Dataset entries
● ● ● ● ● ● ●

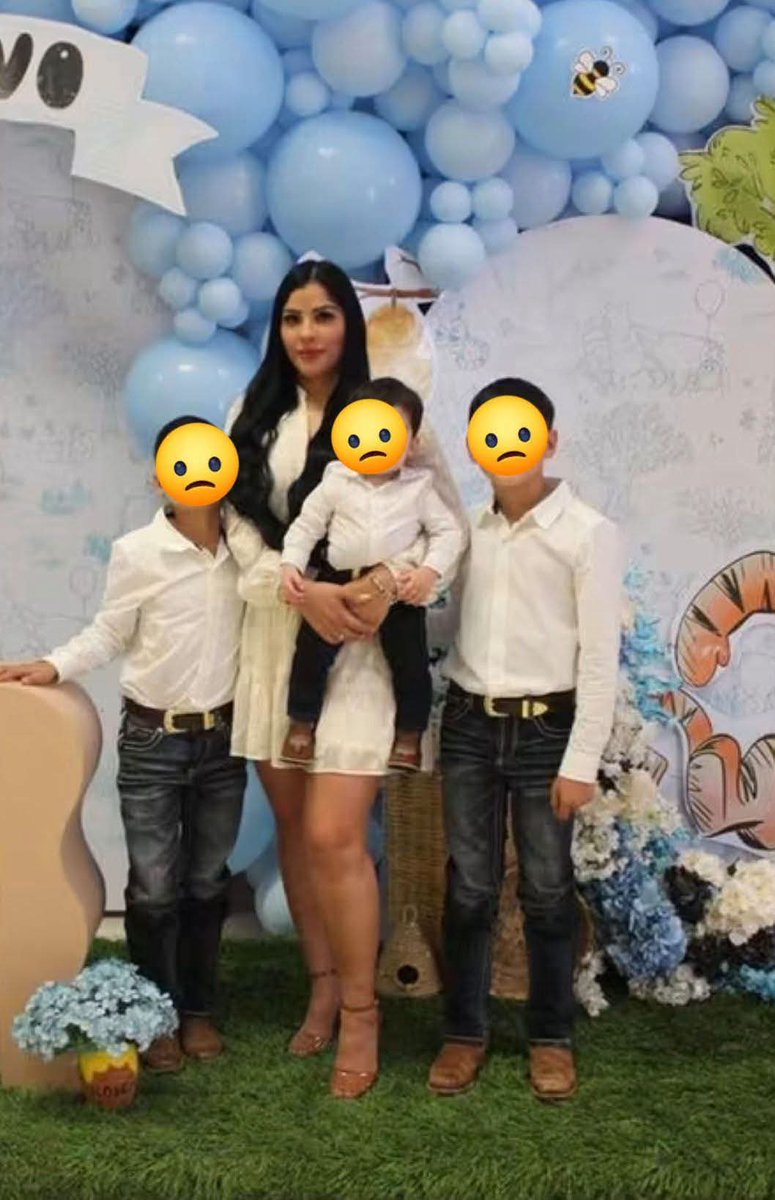 horaceroweb's tweet photo. IDENTIFICAN A LA FAMILIA ASESINADA EN MONTEMORELOS

La mujer localizada sin vida junto a uno de sus hijos fue identificada como Cinthya Abigail, mientras que el hombre en el domicilio sería Leodegario, su presunta pareja.
Los tres menores aún no han sido identificados.

https://t.co/vRjx1NkHUN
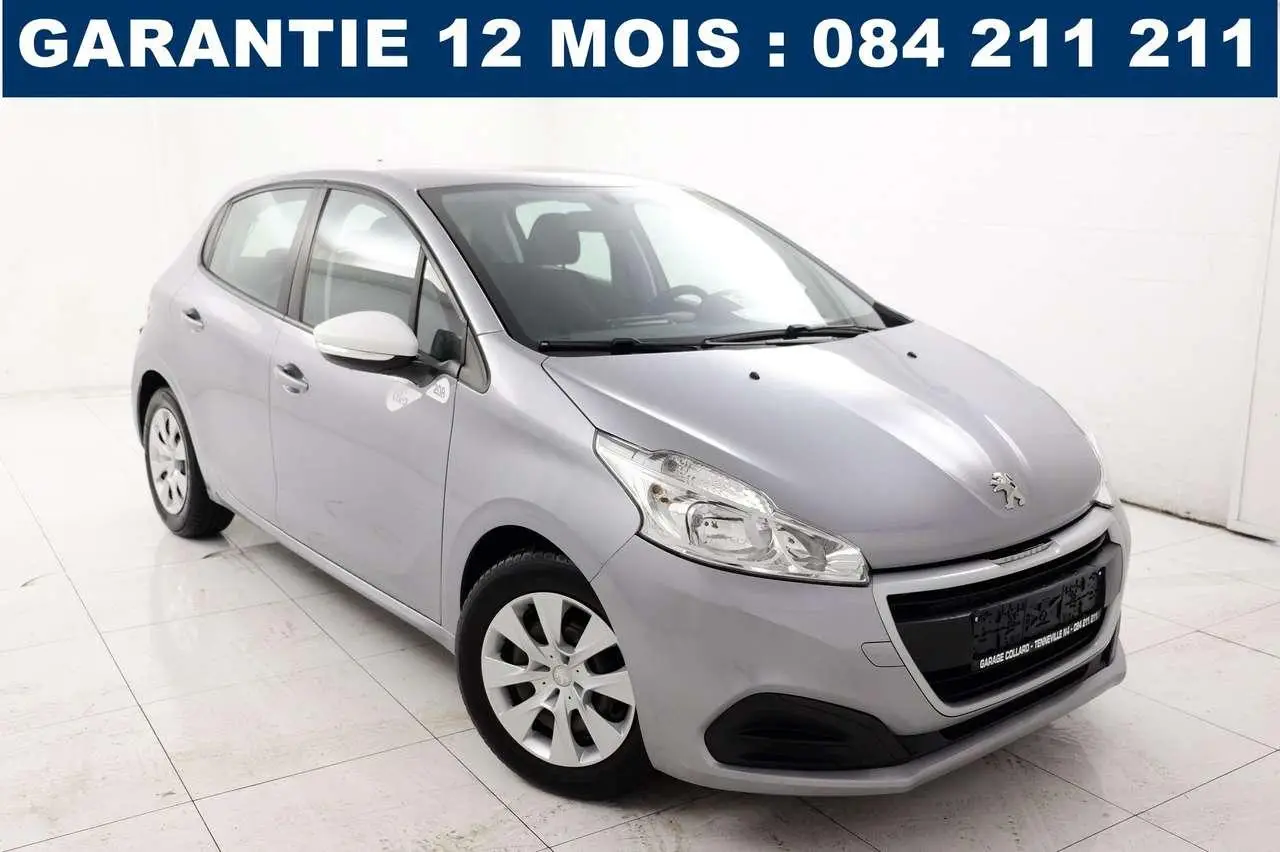 Photo 1 : Peugeot 208 2019 Petrol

● ● ● ● ● ● ●

▶ [Aim of the task]: Skip the pictures and retype exactly the lines from the one that contains "https://t.co/vRjx1NkHUN" to the last line of the records.

▶ [Solved problem]:
https://t.co/vRjx1NkHUN
 Photo 1 : Peugeot 208 2019 Petrol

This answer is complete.